Naturally, there will be no one around to phone if the guarantee fails – but at that point, the insurance will probably be the least of your worries.

So far, four buyers have thrown down a total of about $7million (£4.4m) for havens to flee to when disaster happens or the end is nigh. And developer Larry Hall has options to retro-fit three more Cold War-era silos when this one fills up.

These ‘doomsday preppers’, as they are called, want a safe place and he will be there with them because Hall, 55, bought one of the condos for himself. He says his fear is that sun flares could wipe out the power grid and cause chaos.

He and his wife and son live in Denver and will use their condo mostly as a vacation home, he says, but if the grid goes, they will be ready.

Hall isn’t the first person to buy an abandoned nuclear missile silo and transform at least part of it into a shelter.

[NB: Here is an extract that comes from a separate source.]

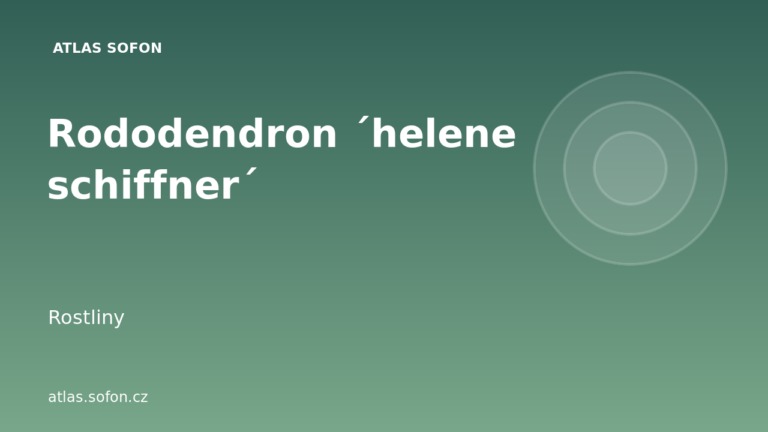 Rododendron ´helene schiffner´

Built to withstand an atomic blast, even the most paranoid can find comfort inside concrete walls that are nine feet thick and stretch 174 feet (53 meters) underground.

Instead of simply setting up shop in the old living quarters provided for missile operators, Hall is building condos right up the missile shaft.

Seven of the 14 underground floors will be condo space selling for $2 million a floor or $1 million a half floor. Three and a half units have been sold, two contracts are pending and only two more full units are available, Hall said.

For now, metal stairs stretch down to connect each floor but an elevator will later replace them. The units are within a steel and concrete core inside the original thick concrete, which makes them better able to withstand earthquakes.